島袋と言えば、「琉球トルネード」と呼ばれた投球フォームで興南高の春夏連覇を牽引したエース。夏の甲子園東海大相模高との決勝では、最近話題になっている一二三慎太投手(元阪神の一二三慎太容疑者、強制性交容疑で逮捕 沖縄:朝日新聞デジタル)と投げ合い、勝利した。将来を嘱望された島袋は高校卒業後、プロではなく中央大へ進む。入学当初は期待通りエース候補として好投を続けていた。しかし左肘の怪我もあってフォームを崩してしまい、以降は本来の投球を見失ってしまう。

なんとかドラフト5位でプロ入りするも、高校時代に見せた圧巻のトルネードスローは鳴りを潜めた。さらに今年は左肘を手術。リハビリに専念するため、今回育成選手として再契約する運びとなっている。

このようにプロの世界で苦しんでいる甲子園優勝投手は島袋だけではない。逆に言えば、プロ入りした甲子園優勝投手はみな苦しんでいるようにすら感じる。

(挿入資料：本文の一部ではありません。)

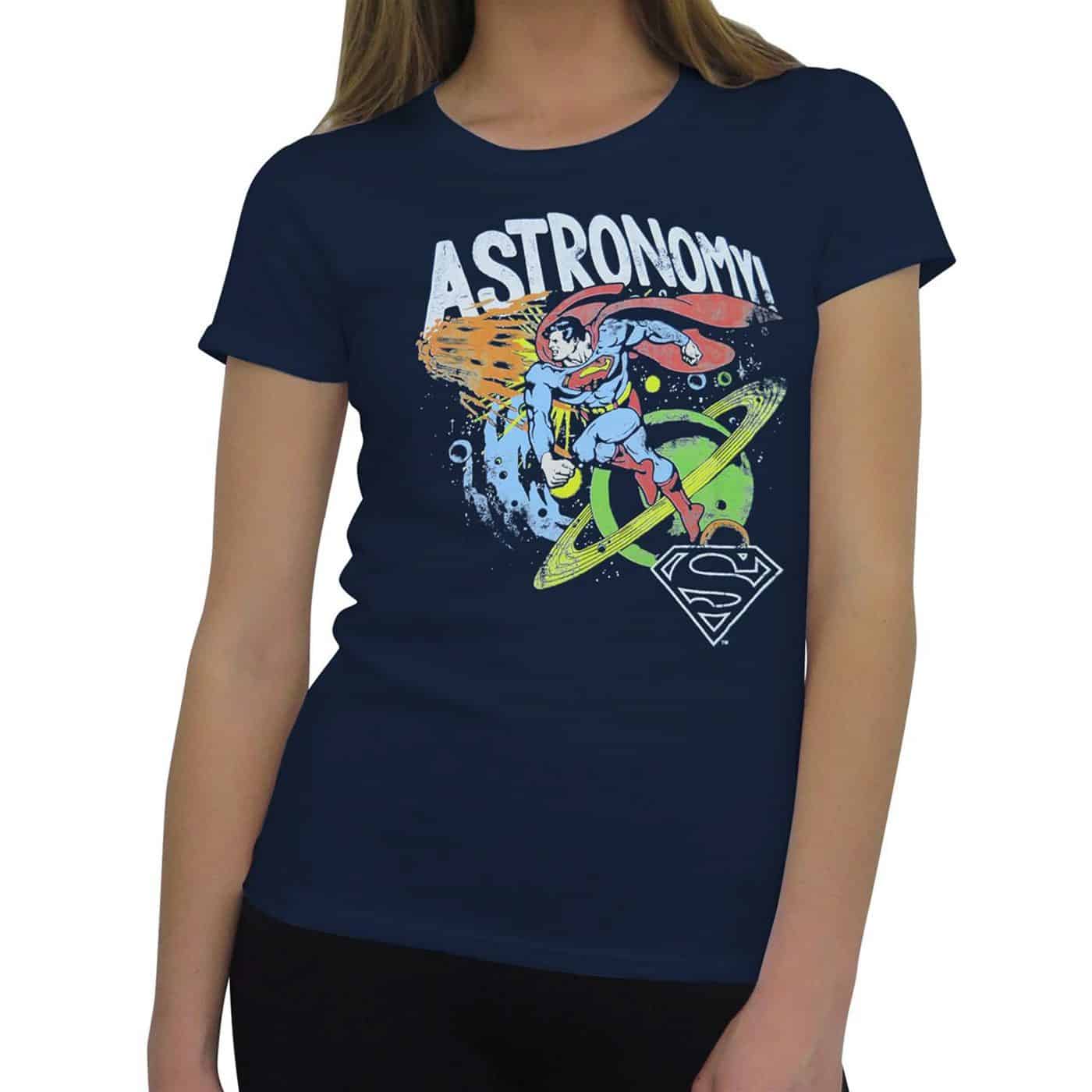 Superman Astronomy T-shirt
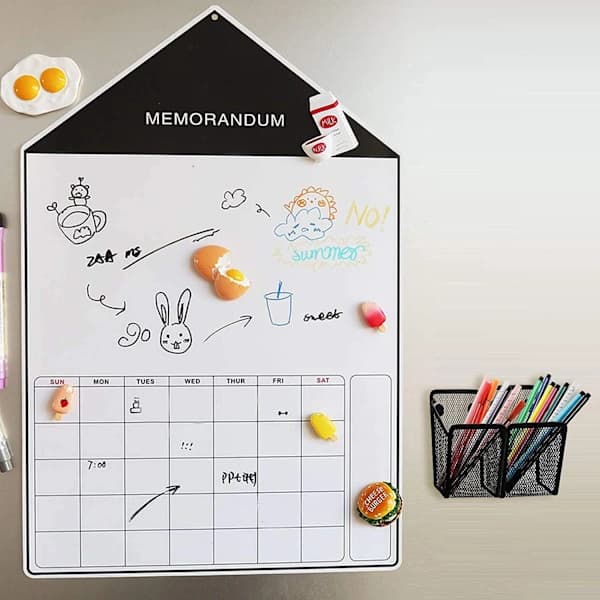 TORUBIA Magnetisk Net Penholder, Skrivebordsorganisator til Penne, Whiteboard, 1 stk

甲子園優勝投手といっても、色々いる。チームの総合力で優勝を勝ち取ったエースもいれば、その実力でチームを優勝へと導いた「大エース」もいるわけだ。21世紀で言えば、斎藤佑樹や島袋洋奨、藤浪晋太郎高橋光成小笠原慎之介などが挙げられる。

 

名前を挙げてみれば、斎藤佑樹や藤波晋太郎の苦しみは言わずと知れた話だろう。斎藤佑樹は肩の怪我もあってプロ入りからたったの通算15勝。来季30歳という年齢を考えれば、引退や戦力外すらちらつく成績だ。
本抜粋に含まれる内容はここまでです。